What you return should be the exact lines from the one with "Hoş bir kadın" to the end of the records below, both included, and no pictures.

*** Opening Listed entries ***

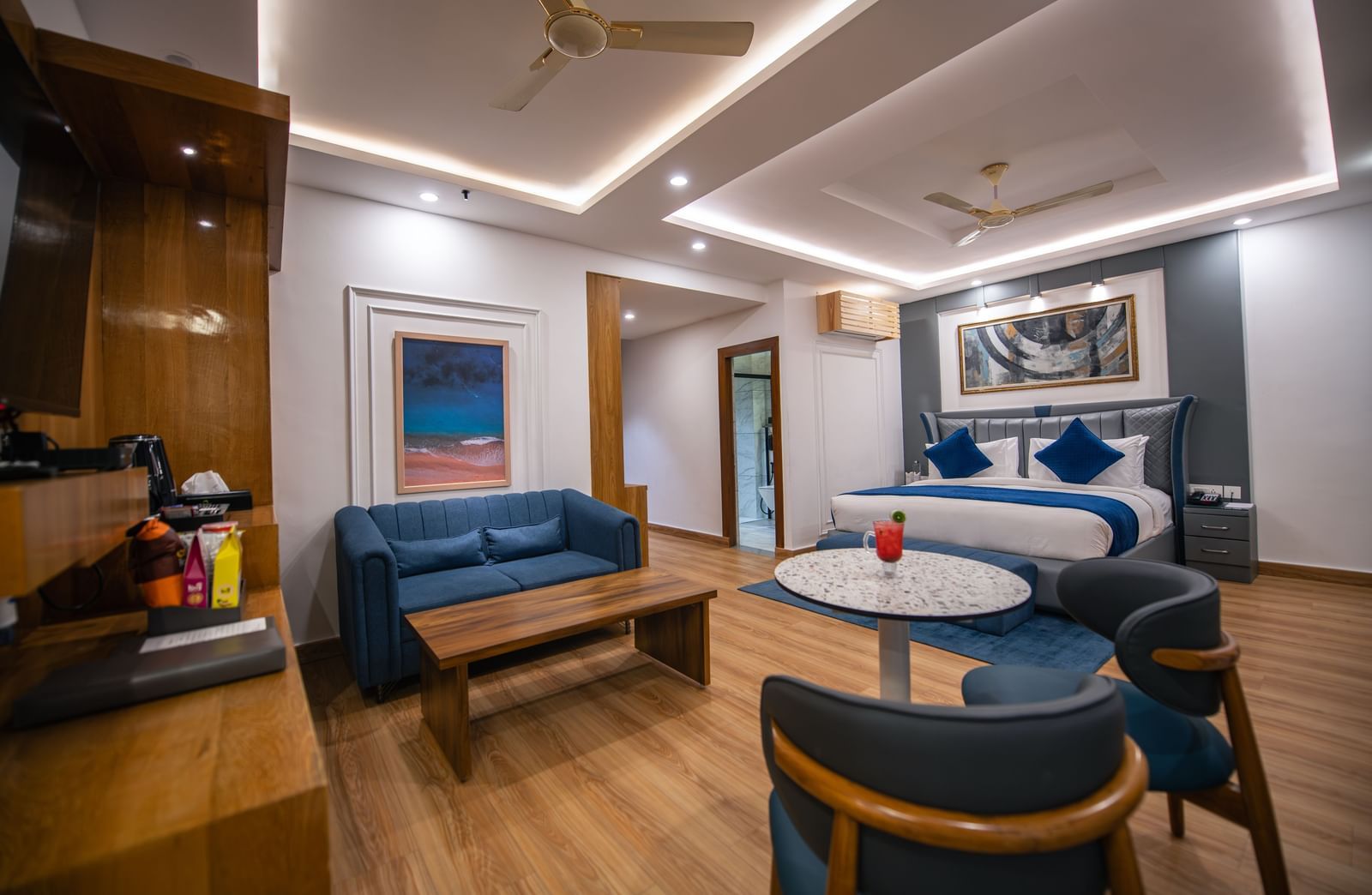 A spacious superior room at The Tattva Devaprayag with a bed featuring blue blankets, a sofa, and a round table.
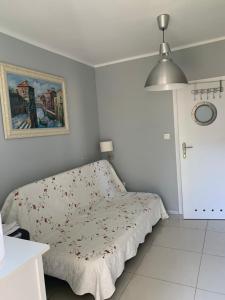 Postel nebo postele na pokoji v ubytování Domki i Apartamenty El-Piero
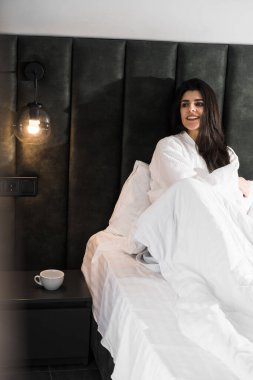 Hoş bir kadın bir otel odasında uyanıyor ve kışın pencereden manzaranın tadını çıkarıyor. Yatakta kahve. Otel tatil konsepti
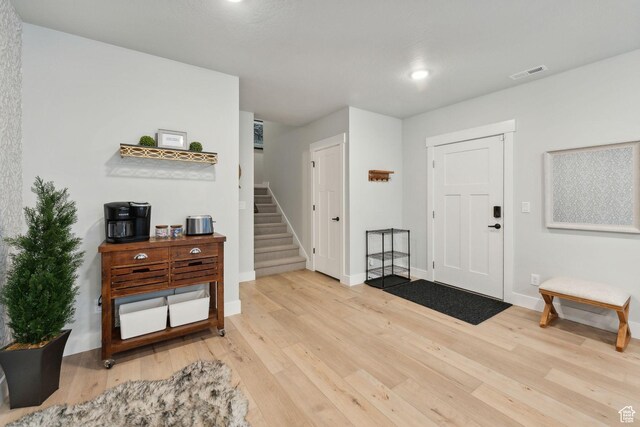 1358 S 1140 E, Heber City, UT 84032 - foyer featuring wood finished floors, stairs, baseboards, and recessed lighting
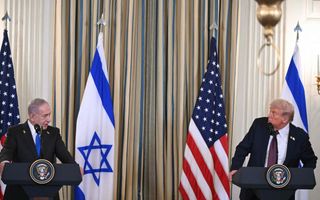 Twee mannen in donkeren pakken staan achter spreekgestoelte met vlaggen in de kleuren blauw, wit en rood op de achtergrond.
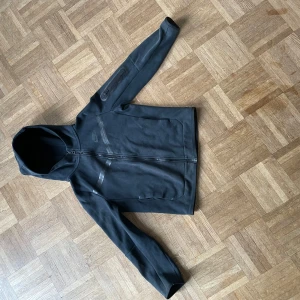 Svart hoodie från Nike - Säljer en svart hoodie från Nike med dragkedja och huva. Jackan har långa ärmar och är tillverkad i ett mjukt material. Perfekt för en avslappnad stil. Den är i storlek M (för barn) 137-147cm!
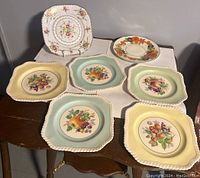 Image showing five Johnson Brothers fruit plates with fruit designs and colored backgrounds in yellow and blue, plus one Royal Albert and one Grindley plate.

*** Closing Listed entries ***

» Finished exercise:
 Hoş bir kadın bir otel odasında uyanıyor ve kışın pencereden manzaranın tadını çıkarıyor. Yatakta kahve. Otel tatil konsepti
 1358 S 1140 E, Heber City, UT 84032 - foyer featuring wood finished floors, stairs, baseboards, and recessed lighting
 Twee mannen in donkeren pakken staan achter spreekgestoelte met vlaggen in de kleuren blauw, wit en rood op de achtergrond.
 Svart hoodie från Nike - Säljer en svart hoodie från Nike med dragkedja och huva. Jackan har långa ärmar och är tillverkad i ett mjukt material. Perfekt för en avslappnad stil. Den är i storlek M (för barn) 137-147cm!
 Image showing five Johnson Brothers fruit plates with fruit designs and colored backgrounds in yellow and blue, plus one Royal Albert and one Grindley plate.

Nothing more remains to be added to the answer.